#### [INFORMATION SHOWN]
•••
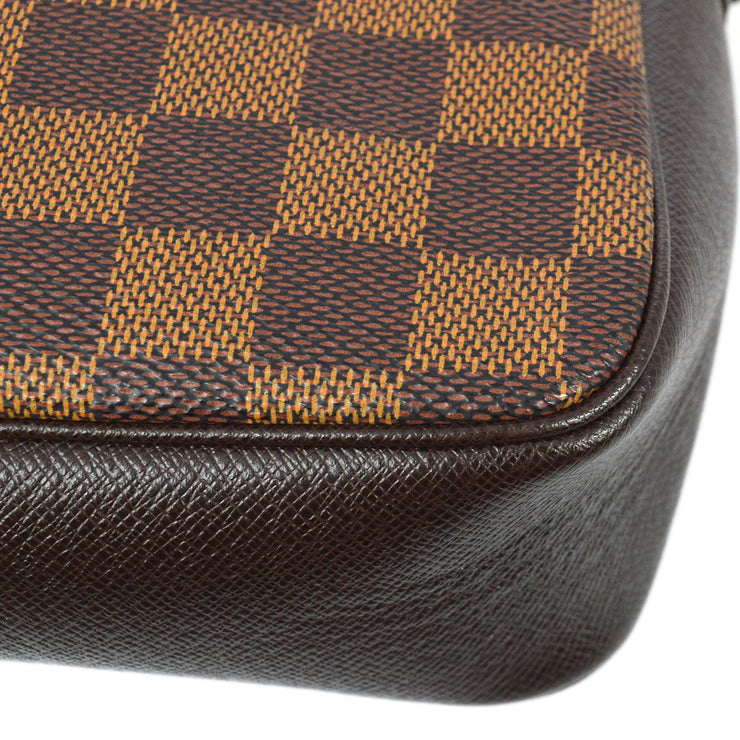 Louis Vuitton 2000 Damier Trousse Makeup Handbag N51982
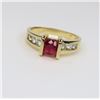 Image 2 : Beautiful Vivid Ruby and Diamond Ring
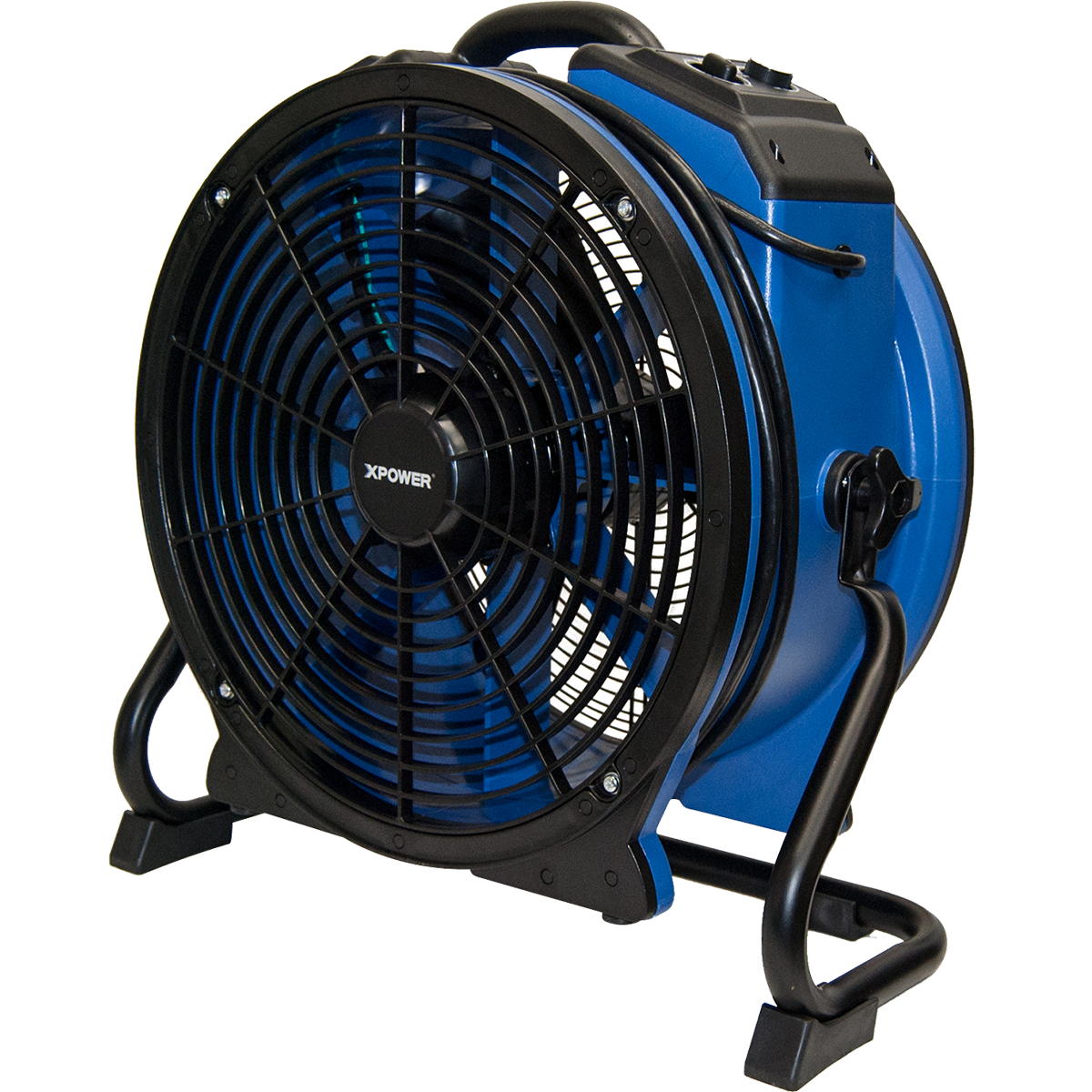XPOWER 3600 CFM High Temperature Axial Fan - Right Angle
•••
#### [WHAT THE TASK REQUIRES]
Write out, word for word, the line containing "Image 2 : Beautiful" and each line after it to the end of the data, and nothing more. Drop the pictures.

#### [SOLUTION TO THE PROBLEM]
 Image 2 : Beautiful Vivid Ruby and Diamond Ring
XPOWER 3600 CFM High Temperature Axial Fan - Right Angle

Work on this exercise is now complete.